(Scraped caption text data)
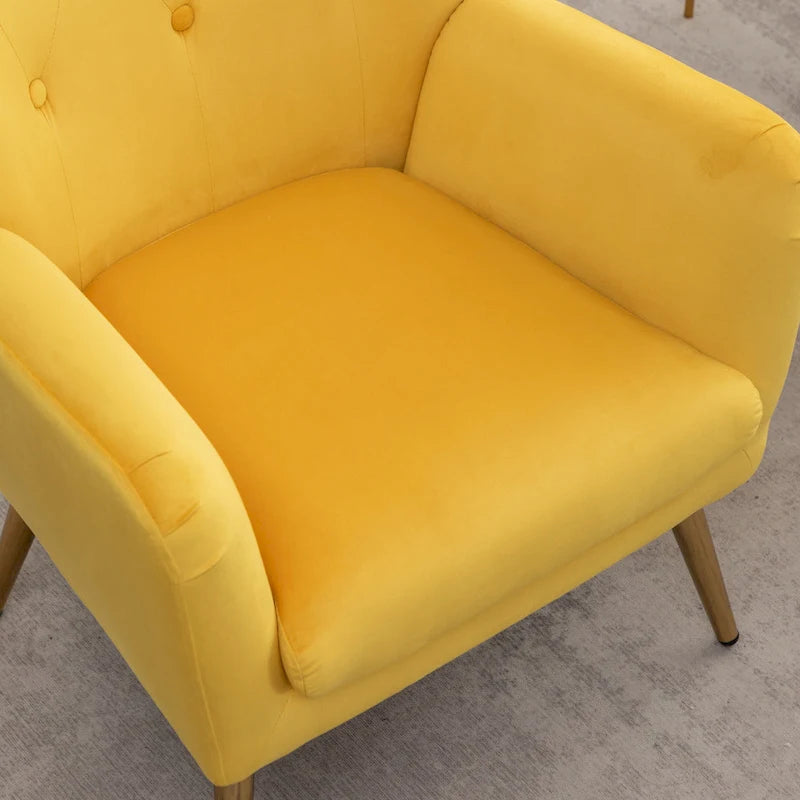 Fauteuil d’appoint à dossier haut et ailes, capitonné avec boutons, en velours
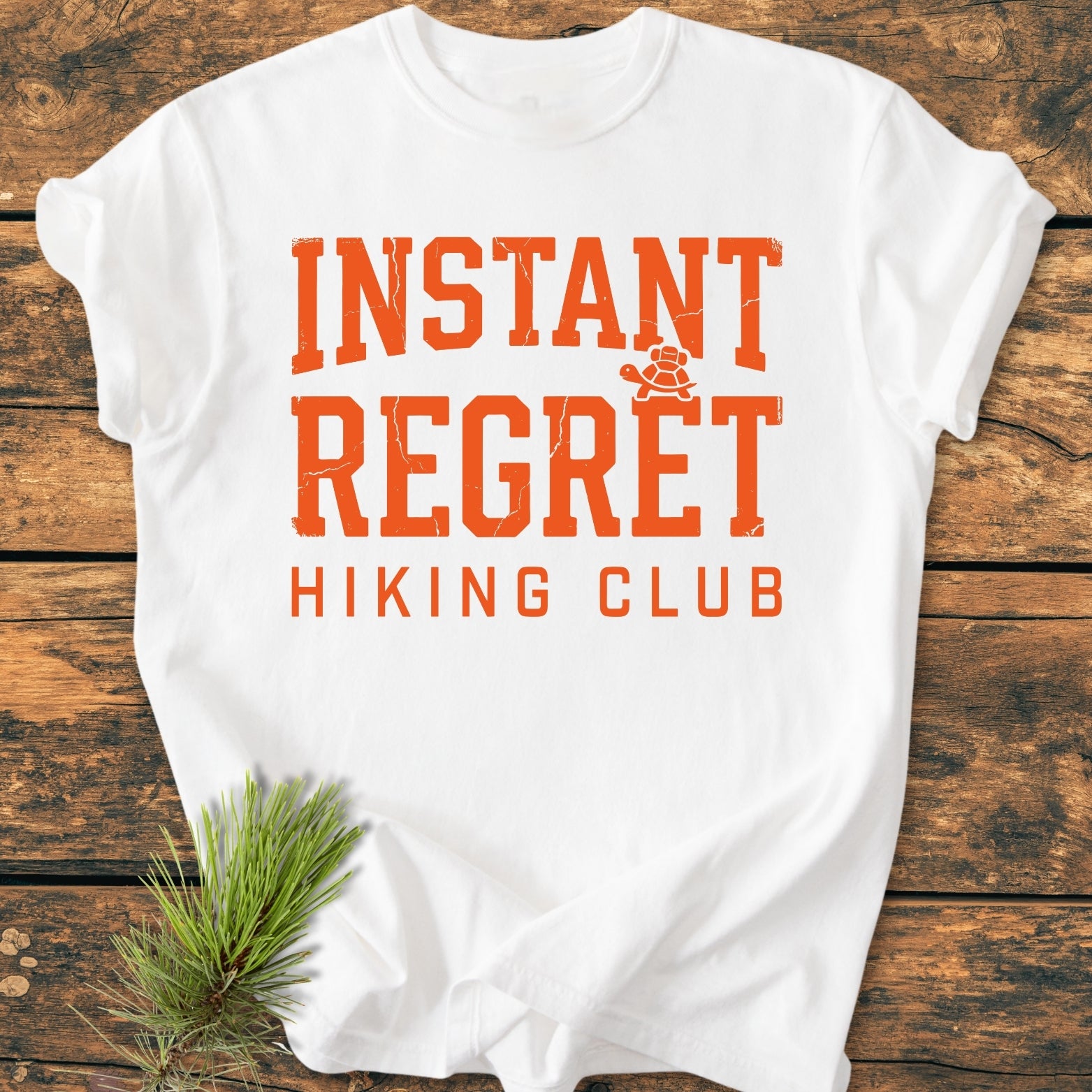 Instant Regret Hiking Club - Vintage Wash Tee displayed flat with bold distressed orange text and a turtle icon; set on rustic wood with a pine sprig, embodying an outdoorsy theme.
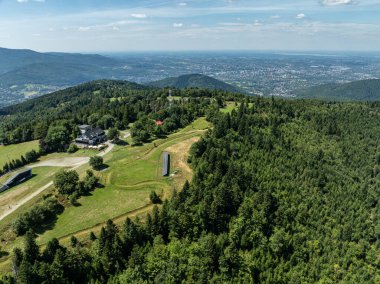 Beskids, Bielsko Biala, Magurka Wilkowicka 'daki yeşil ormanların çarpıcı hava aracı görüntüsü. Magurka Wilkowicka 'da bir barınak. Tepelerin manzarası yemyeşil yeşilliğin güzelliğini ve huzurunu yansıtır.. 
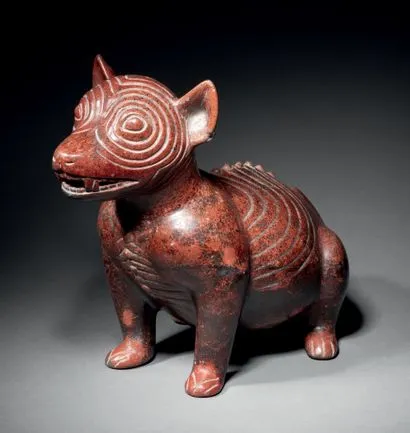 Colima crouching dog from Mexico and made of redware ceramic offered in the auction.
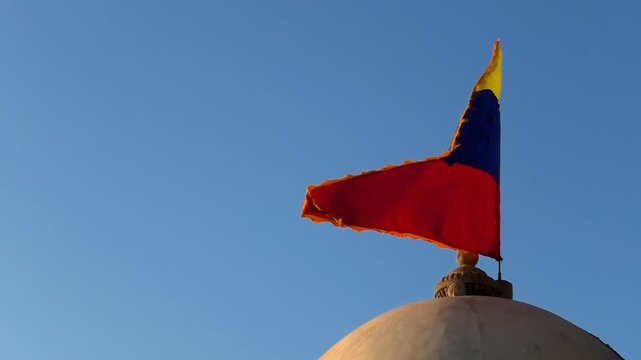 Colorful flag flying above the Rukmini Devi Temple, Dwarka, Gujarat, India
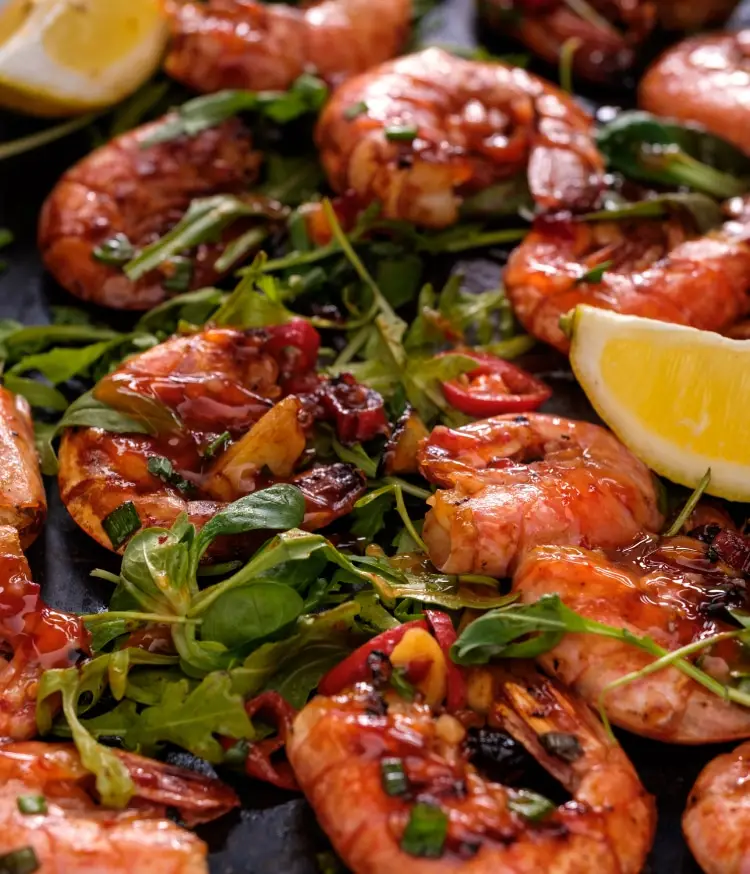 Grilled shrimp, tossed in a glaze, atop greens.
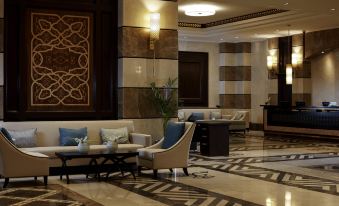 a large , well - lit hotel lobby with various seating arrangements and furniture , including couches , chairs , and a coffee table at Pullman Zamzam Madina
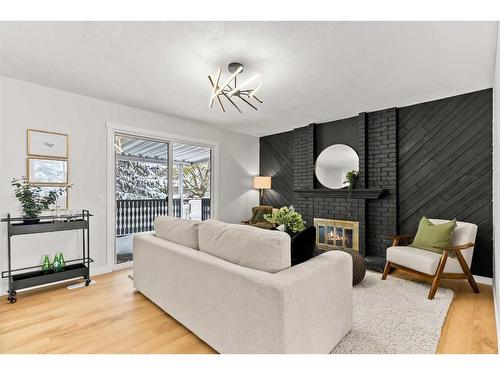 220 Queen Anne Place Se, Calgary, AB - Indoor Photo Showing Living Room With Fireplace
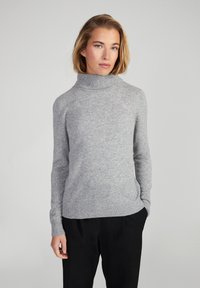 Maglione a collo alto grigio chiaro realizzato in morbida lana, con maniche lunghe e design aderente. Polsini e orlo a coste aggiungono texture.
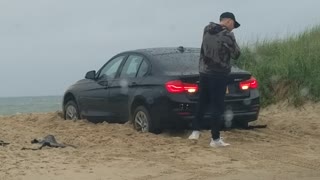 Guy Locked out of Car That's Still in Gear Stuck on the Beach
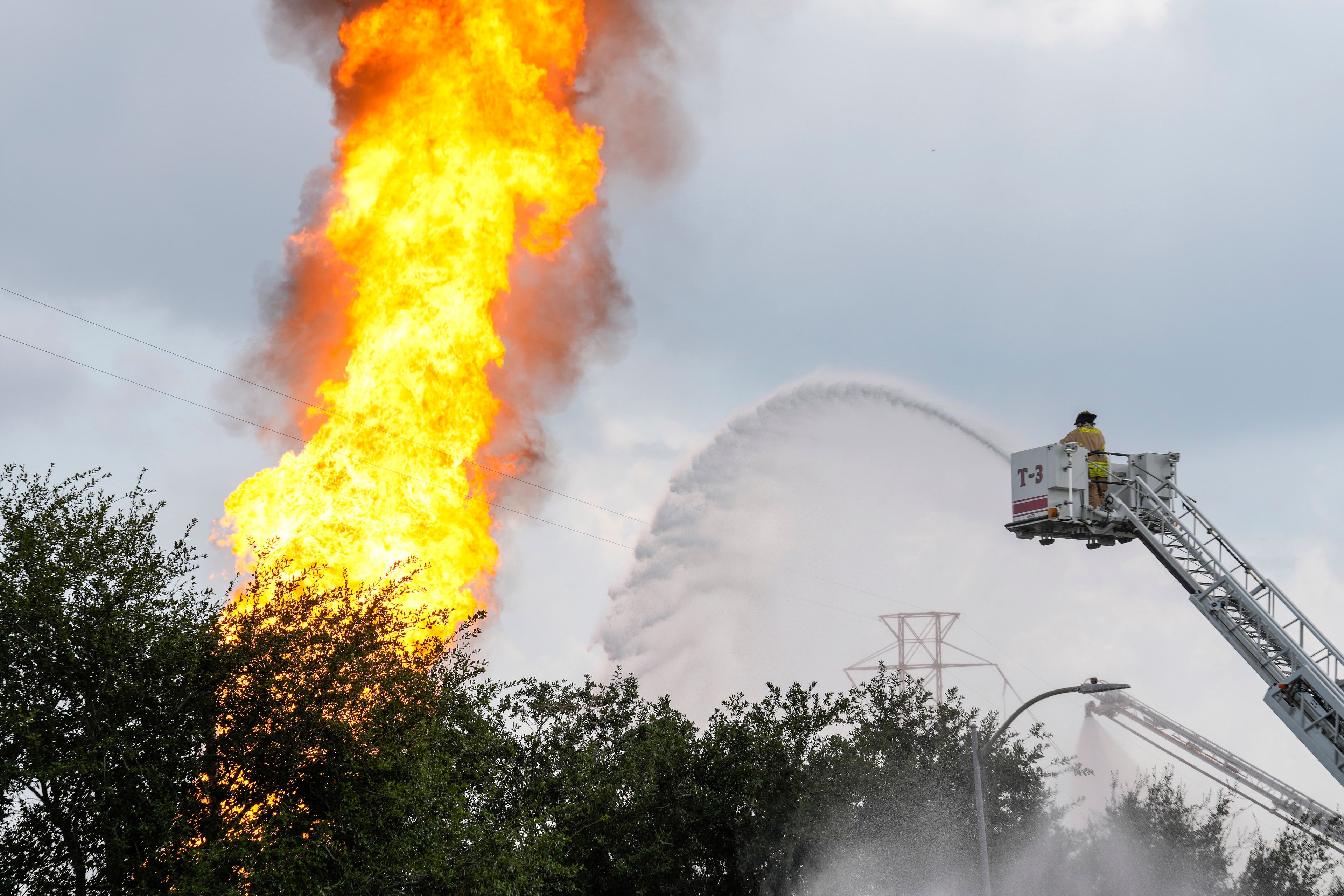 A firefighter directs a line of water around a fire on a pipeline carrying liquified natural gas near Spencer Highway and Summerton on Monday, Sept. 16, 2024, in La Porte, Texas. (Brett Coomer/Houston Chronicle via AP)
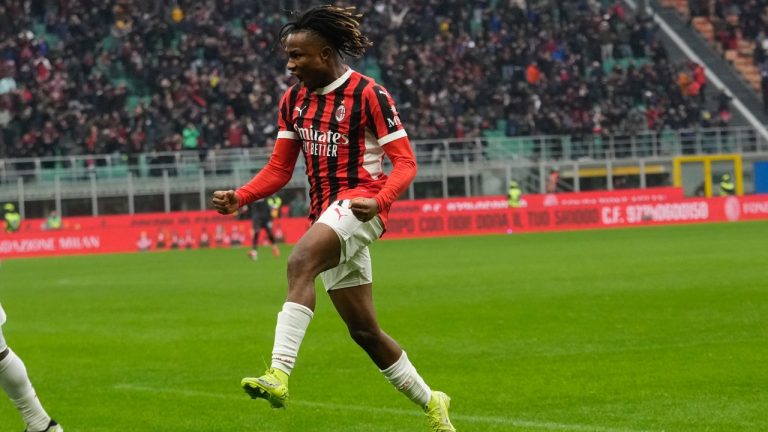AC Milan's Samuel Chukwueze celebrates after scoring his side's third goal during a Serie A match between AC Milan and Parma, at the San Siro stadium in Milan, Italy, Sunday, Jan. 26, 2025. (AP/Luca Bruno)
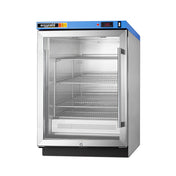 A stainless steel Accucold medical refrigerator with a glass front door is shown. Designed for medical environments, it has two adjustable wire shelves, a digital temperature display, and a blue control panel at the top. The refrigerator, which could be paired with a blanket warmer or other passive heating technology for comprehensive patient care, is empty and set against a plain white background.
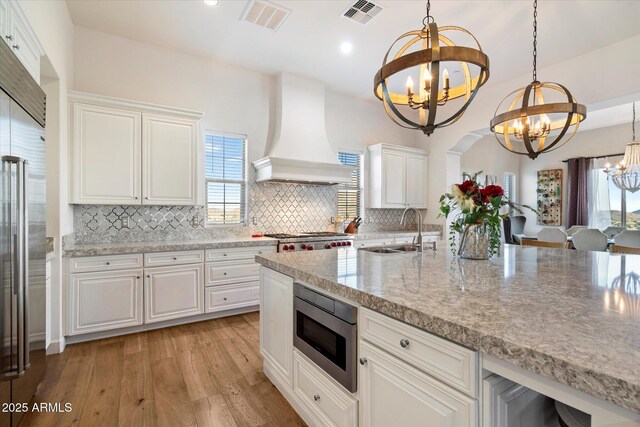 6535 W Gold Mountain Pass, Phoenix, AZ 85083 - kitchen featuring an inviting chandelier, a sink, built in appliances, custom range hood, and visible vents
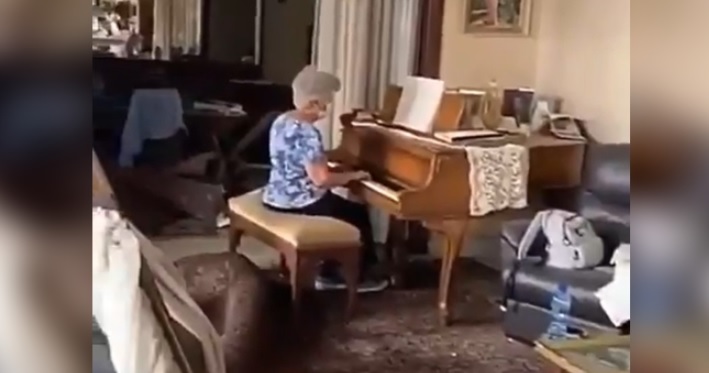 Mujer toca el piano entre ruinas de casa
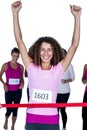 Portrait of smiling winner female athlete crossing finish line with arms raised Royalty Free Stock Photo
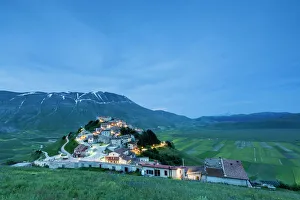 Meadow Prints: Dusk on the medieval village surrounded by green fields, Castelluccio di Norcia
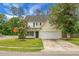 Charming two-story home featuring a well-manicured lawn, mature trees, and an attached two car garage at 300 Greens Ct, Goose Creek, SC 29445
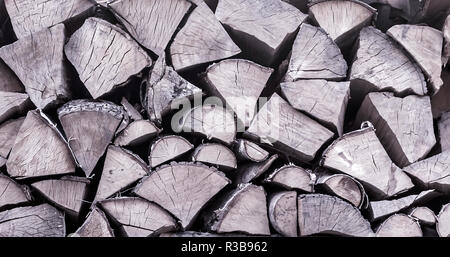 Wood pile texture. Chopped wood closeup in cold tones. Cut firewood for winter. Toned background of wooden logs. Stock Photo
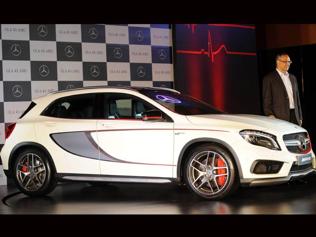 Mercedes-Benz-India-Managing-Director-Eberhard-Kern-poses-with-the-new-GLA45-AMG-4Matic-car-during-its-launch-in-Mumbai-on-October-27-2014-The-GLA45-AMG-4Matic-is-the-eigth-car-from-the-AMG-segment-that-is-now-available-to-Indian-customers-Photo-AFP Mercedes-Benz-India-Managing-Director-Eberhard-Kern-poses-with-the-new-GLA45-AMG-4Matic-car-during-its-launch-in-Mumbai-on-October-27-2014-The-GLA45-AMG-4Matic-is-the-eigth-car-from-the-AMG-segment-that-is-now-available-to-Indian-customers-Photo-AFP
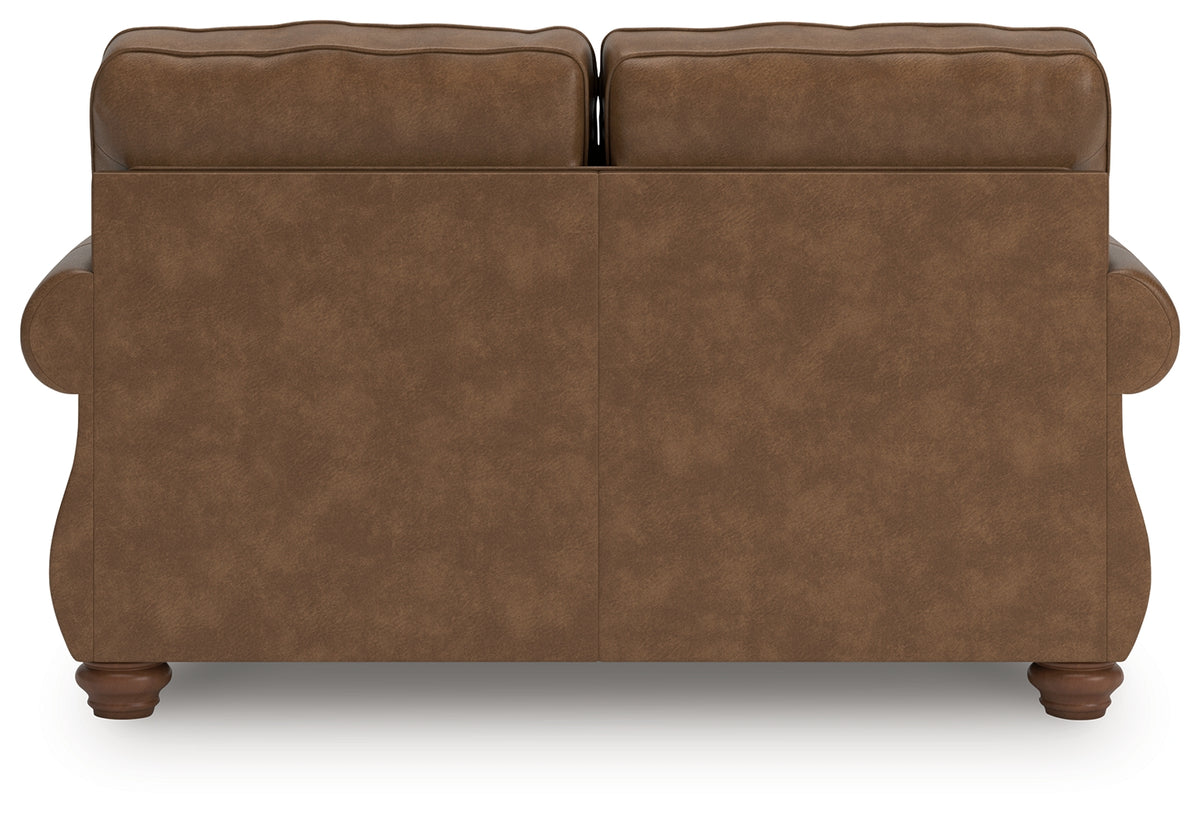Chasemore Loveseat side view showing profile of turned legs and cushions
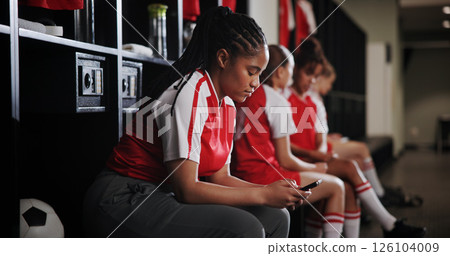 Sports, texting and woman with smartphone, locker room and communication on social media and online. Gym, soccer player and person with mobile for chat, typing and girl with sportswear for match 126104009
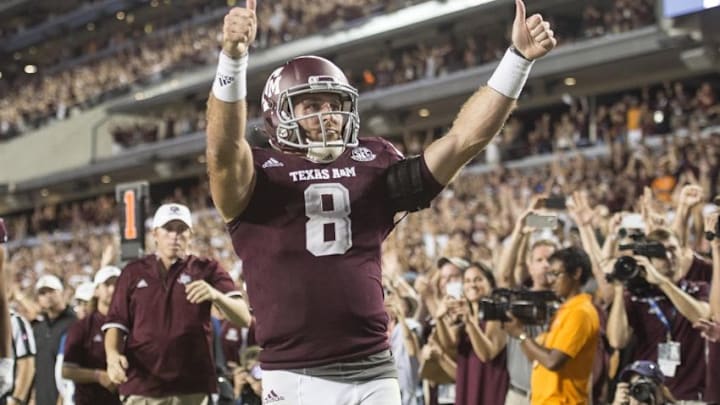 Oct 8, 2016; College Station, TX, USA; Texas A&M Aggies quarterback Trevor Knight (8) celebrates after scoring the game winning touchdown during the second overtime against the Tennessee Volunteers at Kyle Field. The Aggies defeated the Volunteers 45-38 in overtime. Mandatory Credit: Jerome Miron-USA TODAY Sports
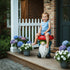 Child sitting happily on the whimsical gnome mushroom garden stool on a cozy front porch.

● **Task prompt**:
Starting at the first line of the records and stopping after the line with "Guy Locked out", copy each line exactly; pictures stay out.

● **Problem solution**:
 Fauteuil d’appoint à dossier haut et ailes, capitonné avec boutons, en velours
 Instant Regret Hiking Club - Vintage Wash Tee displayed flat with bold distressed orange text and a turtle icon; set on rustic wood with a pine sprig, embodying an outdoorsy theme.
 Beskids, Bielsko Biala, Magurka Wilkowicka 'daki yeşil ormanların çarpıcı hava aracı görüntüsü. Magurka Wilkowicka 'da bir barınak. Tepelerin manzarası yemyeşil yeşilliğin güzelliğini ve huzurunu yansıtır.. 
 Colima crouching dog from Mexico and made of redware ceramic offered in the auction.
 Colorful flag flying above the Rukmini Devi Temple, Dwarka, Gujarat, India
 Grilled shrimp, tossed in a glaze, atop greens.
 a large , well - lit hotel lobby with various seating arrangements and furniture , including couches , chairs , and a coffee table at Pullman Zamzam Madina
 220 Queen Anne Place Se, Calgary, AB - Indoor Photo Showing Living Room With Fireplace
 Maglione a collo alto grigio chiaro realizzato in morbida lana, con maniche lunghe e design aderente. Polsini e orlo a coste aggiungono texture.
 Guy Locked out of Car That's Still in Gear Stuck on the Beach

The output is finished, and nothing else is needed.